(Beginning of Source records)

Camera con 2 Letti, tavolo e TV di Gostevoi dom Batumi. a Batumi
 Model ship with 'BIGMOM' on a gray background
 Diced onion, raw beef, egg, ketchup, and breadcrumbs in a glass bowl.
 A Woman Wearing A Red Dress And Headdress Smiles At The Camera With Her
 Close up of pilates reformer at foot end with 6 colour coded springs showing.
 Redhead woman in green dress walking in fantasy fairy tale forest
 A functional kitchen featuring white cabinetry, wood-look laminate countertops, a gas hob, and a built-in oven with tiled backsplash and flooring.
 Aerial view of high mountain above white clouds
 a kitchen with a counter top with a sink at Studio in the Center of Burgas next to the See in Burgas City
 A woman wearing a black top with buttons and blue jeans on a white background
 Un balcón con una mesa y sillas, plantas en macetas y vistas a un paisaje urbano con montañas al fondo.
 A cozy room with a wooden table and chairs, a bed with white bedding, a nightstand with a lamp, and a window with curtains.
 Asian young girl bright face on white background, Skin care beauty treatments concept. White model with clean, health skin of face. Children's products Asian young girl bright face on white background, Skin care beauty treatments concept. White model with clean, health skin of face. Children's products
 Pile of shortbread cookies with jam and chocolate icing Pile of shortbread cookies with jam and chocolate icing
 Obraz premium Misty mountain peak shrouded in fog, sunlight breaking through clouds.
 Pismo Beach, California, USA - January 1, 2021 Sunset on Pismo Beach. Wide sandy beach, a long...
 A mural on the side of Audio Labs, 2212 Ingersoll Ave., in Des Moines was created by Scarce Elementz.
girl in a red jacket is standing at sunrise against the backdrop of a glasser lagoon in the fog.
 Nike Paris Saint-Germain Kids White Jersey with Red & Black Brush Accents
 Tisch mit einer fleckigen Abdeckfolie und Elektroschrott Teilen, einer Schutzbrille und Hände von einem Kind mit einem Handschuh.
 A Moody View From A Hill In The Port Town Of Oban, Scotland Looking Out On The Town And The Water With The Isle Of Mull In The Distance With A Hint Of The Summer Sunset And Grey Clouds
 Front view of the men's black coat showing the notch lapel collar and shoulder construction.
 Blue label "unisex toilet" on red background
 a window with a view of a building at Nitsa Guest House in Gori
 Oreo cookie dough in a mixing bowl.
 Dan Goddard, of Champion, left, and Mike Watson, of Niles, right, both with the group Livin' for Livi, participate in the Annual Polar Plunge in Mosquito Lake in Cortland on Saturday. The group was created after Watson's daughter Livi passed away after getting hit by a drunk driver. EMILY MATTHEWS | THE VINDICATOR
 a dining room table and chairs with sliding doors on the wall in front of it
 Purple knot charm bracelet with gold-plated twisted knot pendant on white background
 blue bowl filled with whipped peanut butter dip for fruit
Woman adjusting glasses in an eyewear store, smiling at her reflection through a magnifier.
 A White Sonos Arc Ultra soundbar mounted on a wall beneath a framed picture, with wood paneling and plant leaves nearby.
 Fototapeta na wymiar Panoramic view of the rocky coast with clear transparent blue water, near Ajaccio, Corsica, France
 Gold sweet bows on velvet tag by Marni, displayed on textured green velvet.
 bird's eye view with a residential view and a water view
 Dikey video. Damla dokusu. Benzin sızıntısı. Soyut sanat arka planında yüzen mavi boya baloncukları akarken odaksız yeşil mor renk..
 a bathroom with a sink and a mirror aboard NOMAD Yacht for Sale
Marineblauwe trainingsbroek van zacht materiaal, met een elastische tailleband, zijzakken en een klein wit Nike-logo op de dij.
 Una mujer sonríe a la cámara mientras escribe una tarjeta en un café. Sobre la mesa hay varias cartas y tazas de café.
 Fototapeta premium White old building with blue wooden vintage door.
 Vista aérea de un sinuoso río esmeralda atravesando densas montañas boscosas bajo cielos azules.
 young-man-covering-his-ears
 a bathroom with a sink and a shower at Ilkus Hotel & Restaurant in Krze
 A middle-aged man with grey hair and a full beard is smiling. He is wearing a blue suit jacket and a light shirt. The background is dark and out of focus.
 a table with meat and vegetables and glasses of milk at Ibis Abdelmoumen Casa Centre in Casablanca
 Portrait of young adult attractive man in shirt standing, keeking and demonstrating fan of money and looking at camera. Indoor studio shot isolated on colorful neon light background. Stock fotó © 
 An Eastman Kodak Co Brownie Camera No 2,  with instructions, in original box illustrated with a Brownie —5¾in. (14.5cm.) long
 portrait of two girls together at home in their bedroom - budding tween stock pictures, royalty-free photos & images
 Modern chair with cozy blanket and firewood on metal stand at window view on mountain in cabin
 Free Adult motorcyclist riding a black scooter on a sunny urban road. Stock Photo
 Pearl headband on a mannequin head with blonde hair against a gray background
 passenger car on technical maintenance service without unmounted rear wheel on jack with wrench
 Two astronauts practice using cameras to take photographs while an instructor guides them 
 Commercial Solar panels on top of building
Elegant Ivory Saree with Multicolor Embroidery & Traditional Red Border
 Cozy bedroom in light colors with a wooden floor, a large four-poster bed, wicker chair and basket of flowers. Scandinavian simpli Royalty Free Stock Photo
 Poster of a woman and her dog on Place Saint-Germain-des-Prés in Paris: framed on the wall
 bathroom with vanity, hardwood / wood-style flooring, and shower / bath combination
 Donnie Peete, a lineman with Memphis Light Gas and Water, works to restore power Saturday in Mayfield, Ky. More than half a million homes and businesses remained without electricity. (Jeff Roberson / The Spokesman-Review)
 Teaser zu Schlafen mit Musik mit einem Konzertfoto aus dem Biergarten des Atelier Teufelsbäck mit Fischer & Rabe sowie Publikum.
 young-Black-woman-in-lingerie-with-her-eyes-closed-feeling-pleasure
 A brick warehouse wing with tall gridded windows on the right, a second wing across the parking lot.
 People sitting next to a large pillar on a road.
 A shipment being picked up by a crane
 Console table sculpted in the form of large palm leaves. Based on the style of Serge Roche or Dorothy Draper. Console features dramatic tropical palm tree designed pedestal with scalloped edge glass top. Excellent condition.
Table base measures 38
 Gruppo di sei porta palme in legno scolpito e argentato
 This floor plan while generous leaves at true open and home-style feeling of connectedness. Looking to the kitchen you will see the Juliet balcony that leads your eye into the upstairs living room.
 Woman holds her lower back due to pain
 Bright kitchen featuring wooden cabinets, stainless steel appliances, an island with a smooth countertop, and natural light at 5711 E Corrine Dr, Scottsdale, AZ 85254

(End of Source records)

# What to work on
Print exactly the lines above from the one with "A cozy room" to the one with "Pile of shortbread cookies with jam and chocolate icing Pile", including both.

# Response box
 A cozy room with a wooden table and chairs, a bed with white bedding, a nightstand with a lamp, and a window with curtains.
 Asian young girl bright face on white background, Skin care beauty treatments concept. White model with clean, health skin of face. Children's products Asian young girl bright face on white background, Skin care beauty treatments concept. White model with clean, health skin of face. Children's products
 Pile of shortbread cookies with jam and chocolate icing Pile of shortbread cookies with jam and chocolate icing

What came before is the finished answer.